El fin de semana estuvimos en el pueblo. Frío, nublado y lluvioso. Como siempre ha sido. Ahora un poco más sucio que de costumbre por toda la basura electoral que inunda sus calles, sus esquinas, sus áreas comunes. Rostros de tipos que quieren gobernar ofreciéndonos cualquier clase de promesas vacías. Logotipos y colores partidistas en solitario o en alianzas inverosímiles. Viejos conocidos de nosotros porque los hemos visto una y otra vez seguir en el juego de la política municipal. La elección se acerca y, pienso, los resultados no arrojarán absolutamente nada nuevo. Creo que es mejor así.
Como cada mes visité la tumba de mis padres. Me agrada ir los domingos por la mañana, o bien, los sábados por la tarde. Difícilmente encuentras a alguien y eso permite experimentar a tope la paz del cementerio. Nada de niños corriendo y jugando con las cruces, ni tampoco miradas curiosas de los demás. Imagino lo que se debe vivir en ese lugar los días 1 y 2 de noviembre. Un catálogo de lugares comunes de toda esa gente que, durante un largo año no recuerda a sus seres queridos, pero que en un solo día intentan hacer todo al mismo tiempo, es decir limpiar el sepulcro, llevar flores (carísimas en esas fechas), cambiar las cruces, cortar el césped, rezar y platicar con los que se han ido. Algunos hasta llevan música y comen alrededor de la tumba. Yo prefiero ir 12 veces al año sin que haya nadie alrededor.
Cuando estoy en el pueblo encuentro a mucha gente conocida. Antiguos compañeros de clase, sobre todo. La mayoría con vidas y rumbos totalmente diferentes a como los conocí entre 1981 y 1993. Imagino que la curiosidad es mutua. ¿Qué hará ahora?, nos preguntamos en silencio. Regularmente todo se limita a un saludo breve y a una promesa –casi siempre incumplida—de buscarnos después.

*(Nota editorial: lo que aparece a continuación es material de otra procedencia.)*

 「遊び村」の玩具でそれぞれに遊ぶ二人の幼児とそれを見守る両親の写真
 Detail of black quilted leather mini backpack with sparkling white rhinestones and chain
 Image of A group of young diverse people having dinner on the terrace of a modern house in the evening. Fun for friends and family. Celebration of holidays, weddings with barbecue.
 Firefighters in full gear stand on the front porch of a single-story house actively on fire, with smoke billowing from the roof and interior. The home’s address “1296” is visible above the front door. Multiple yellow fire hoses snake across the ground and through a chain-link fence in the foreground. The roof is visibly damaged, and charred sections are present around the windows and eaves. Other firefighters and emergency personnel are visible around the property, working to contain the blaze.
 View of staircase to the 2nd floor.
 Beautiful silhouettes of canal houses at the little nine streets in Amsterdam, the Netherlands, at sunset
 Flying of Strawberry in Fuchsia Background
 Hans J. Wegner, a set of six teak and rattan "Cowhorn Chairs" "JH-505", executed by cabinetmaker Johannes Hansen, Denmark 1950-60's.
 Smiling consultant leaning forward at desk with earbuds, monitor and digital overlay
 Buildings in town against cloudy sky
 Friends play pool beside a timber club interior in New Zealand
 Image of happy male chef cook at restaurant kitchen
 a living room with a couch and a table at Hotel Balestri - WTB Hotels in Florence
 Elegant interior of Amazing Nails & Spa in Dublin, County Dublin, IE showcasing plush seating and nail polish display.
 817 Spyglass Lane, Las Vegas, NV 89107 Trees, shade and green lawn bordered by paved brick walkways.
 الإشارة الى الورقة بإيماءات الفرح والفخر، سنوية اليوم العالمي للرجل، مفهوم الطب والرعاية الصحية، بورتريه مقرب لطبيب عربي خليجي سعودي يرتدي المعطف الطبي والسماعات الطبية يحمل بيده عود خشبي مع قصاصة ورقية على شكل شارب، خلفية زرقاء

Otra visita obligada es al mercado municipal para abastecernos de tomates y chiles verdes para preparar la salsa que acompaña a los multifamosos antojitos de la zona. También para comprar un poco de carne del local del padre de un ex compañero de escuela. La última parada obligada es para adquirir una buena cantidad de tortillas magistralmente blancas y suaves (las que venden en la Ciudad de México siempre me han parecido bastante inferiores). Antes de partir viene la espera en la horripilante estación de autobuses, rodeado de padres y amigos de toda esa multitud de chavales que, como yo lo hiciera alguna vez, viajan cada semana a las ciudades cercanas a cursar la educación superior. Los familiares los despiden como si estuvieran embarcándose a Irak y los chicos reflejan en sus rostros esa sensación de libertad que les da alejarse de sus casas durante cinco días.
A veces me pregunto qué haría en este momento si continuase viviendo allá. No lo sé. A lo mejor tendría un negocio propio, o daría clases en la universidad local o trabajaría para el Ayuntamiento (en un escenario bastante optimista). Repito, no lo sé. Aunque una cosa sí está más o menos clara: allá es muy difícil pasar desapercibido en lo que digas, hagas o dejes de hacer. A pesar de que no digas, hagas o dejes de hacer algo medianamente interesante.